トランプ「国連人権理事会」脱退は本当に悪なのか?日本メディアが報道しない「恥知らずの偽善」の正体

写真:ロイター/アフロ

こんにちは、中国人マンガ家の孫向文です。

先日、アメリカが国連人権理事会を脱退を発表し、世界から注目を集めました。これを受け、日本の左派マスメディアはトランプ大統領への批判を繰り広げています。

「人権を軽んじ、踏みにじるトランプ」という構図を報じているのは、日本や西側諸国のリベラルメディアだけではありません。

中国政府もこれに便乗して、自国の人権状況を美化して米国叩きをしています。中国外交部は「中国政府は各理事国と緊密に連携して、世界の人権事業の健やかな発展に貢献してきた」「我が国の人権状況は毎年のように進歩してるのに、米国はその現実を無視して中国を批判し続けている」と皮肉めいた発表をしました。

さらに、党宣伝部直属機関である新華社通信でも「米国トランプ大統領は世界から孤立する路線を続けている」と報道。著名な学者を使って「米国はいつも国連人権理事会を操っており、中国の人権状況をダシにして我々を批判してきた。今回やっと失敗して退会した」などと、ここぞとばかりに米国歴代大統領を猛反論しています。

しかし、人権理事会を「脱退すること」が咎められるほどの悪なのでしょうか。そもそも国連人権理事会(United Nations Human Rights Council、UNHRC)とは何なのか。

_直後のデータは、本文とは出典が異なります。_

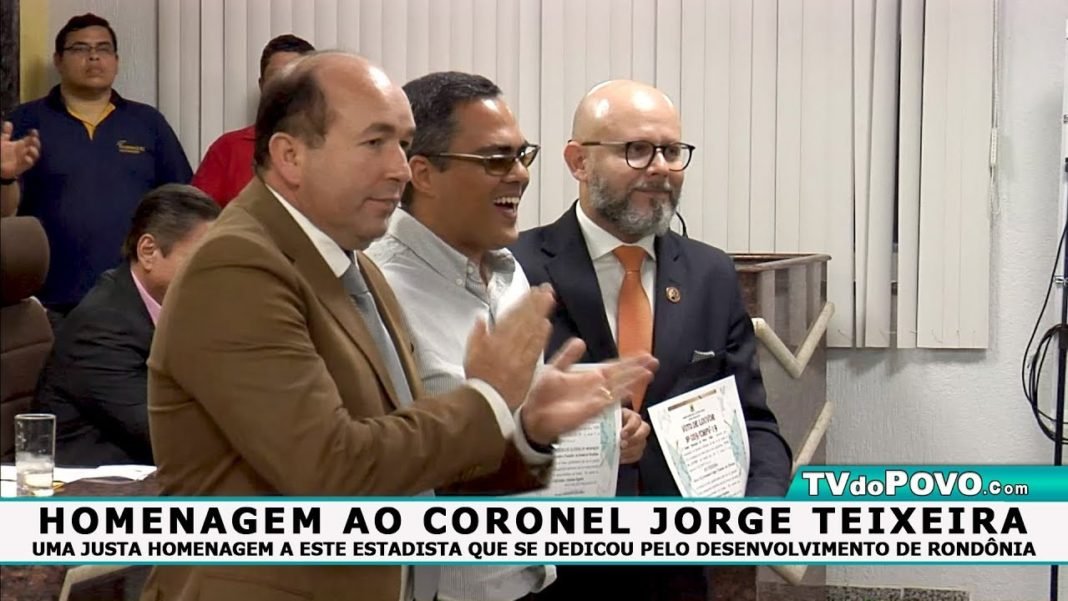 HOMENAGEM AO CORONEL JORGE TEIXEIRA na CÂMARA de VEREADOS de PORTO VELHO – 04/06/2019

同理事会の主な活動は、国連加盟国の人権の状況を定期的にレビューし、審査をすることです。そして、深刻かつ組織的な人権侵害に対しては、改善を要求したり、勧告をするのが通例となっています。つまり、人権理事会は「人権警察」として、世界各国の人権問題を取り上げ、国際圧力をかける人道的な組織のはずです。

しかし、現実はそうではありません。中国が同会の理事国メンバーであることは、この組織の最大の滑稽であり、信ぴょう性を危ぶませている証であります。というのも、中国では「人権警察」というより「人権泥棒」とでもいうべき施政が行われているからです。

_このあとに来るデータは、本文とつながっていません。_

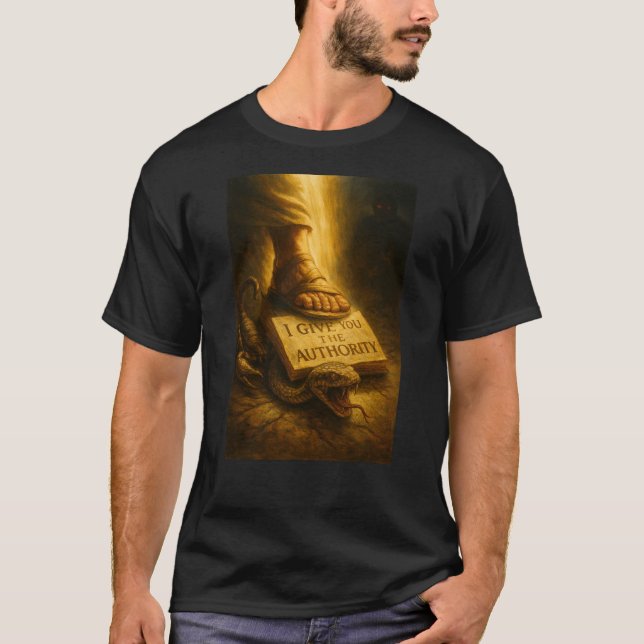“Walk in Authority” – Luke 10:19 Shirt (Front)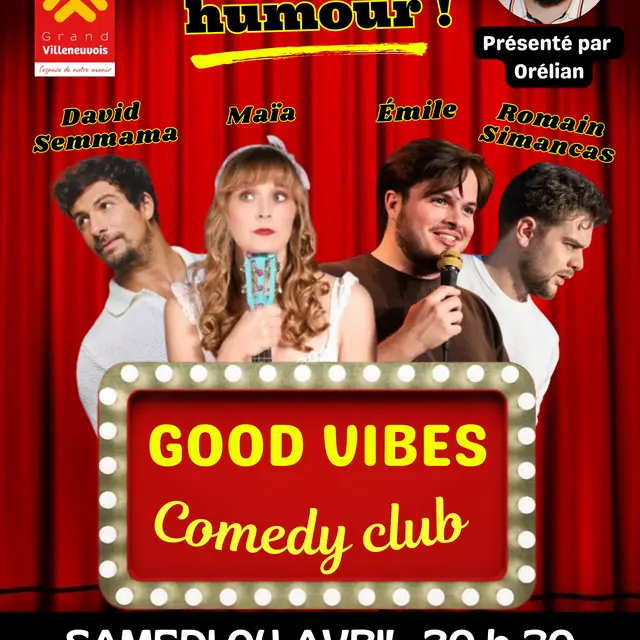 04-04-2026-Good Vibes Comedy Club_Ste-Livrade-sur-Lot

■収監数90万人、サッカー選手やアイドルまで新疆ウイグル強制収容所の悲劇

中国が侵している、最大の人権問題の一つが、チベット・ウイグル地域、および内モンゴルにおける少数民族の抑圧です。先日も亡命ウイグル人らの組織が、新疆ウイグル自治区で大量の強制的な収容所への収監が行われていたことをリークしました。

同自治区では17年から「思想の再教育」を名目に強制収容キャンプへの不当な拘束が横行。その数はなんと89万人、同地域のウイグル人の2〜4割にもあたるといいます。収容者の中には、有名なサッカー選手やアイドル、さらに民族教育を推し進める教育界の重鎮や出版社の重役など、文化・経済分野でウイグル人社会で影響力を持つ著名人たちが名を連ねているのです。

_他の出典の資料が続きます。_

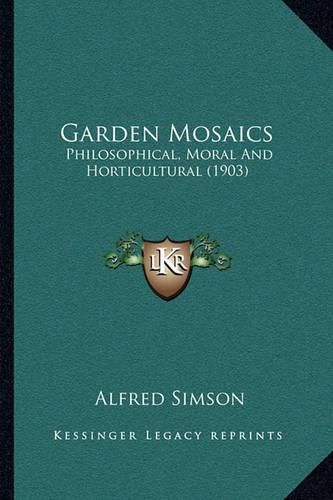 Cover image for Garden Mosaics: Philosophical, Moral and Horticultural (1903)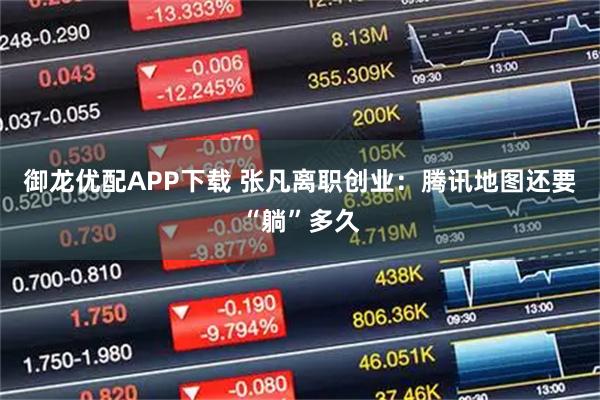 御龙优配APP下载 张凡离职创业：腾讯地图还要“躺”多久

なぜトランプ氏を「人権軽視」と報じるリベラルメディアは、この重篤なニュースを報じないのでしょう? こんな国が理事国を務める人権委員会にどれほどの説得力があるのでしょう?

さらに米国が人権理事会を退会した直後に、アメリカの空席を取ろうと立候補したのは、何を隠そうロシアなのです。ご存知の通り、ロシアのプーチン政権では人権弾圧が深刻です。政権を批判する人が相次いで投獄、暗殺されます。これが人権理事会の理事国なのです。

ポンペオ米国務長官やヘイリー国連大使は、人権理事会からの離脱を「人権軽視」ではなく、むしろ人権抑圧を行う国(中国)が理事国であることを盾に人権を「恥知らずの偽善」への抗議だと説明しています。トランプ氏の人権軽視だけを報じ、米国サイドの脱退意図を伝えない”自称リベラル”メディアは果たして公正平等なのでしょうか。

米国が人権理事会の撤退を発表した後、中国のソーシャルメディア上には「五毛党」と呼ばれる党の世論誘導員がアメリカを批判する投稿が溢れました。その中には「米の帝国主義が没落した証拠。将来の国連人権理事会のメンバーはイラン、シリア、キューバ、ベトナム、ベネズエラ、北朝鮮などの社会主義国家が世界の人権を発展させる」と、まるで目を疑うような書き込みも見られました。

いやはや、北朝鮮が「恥知らずの偽善」を武器に国連人権理事会の理事国になる日が遠くないかもしれません。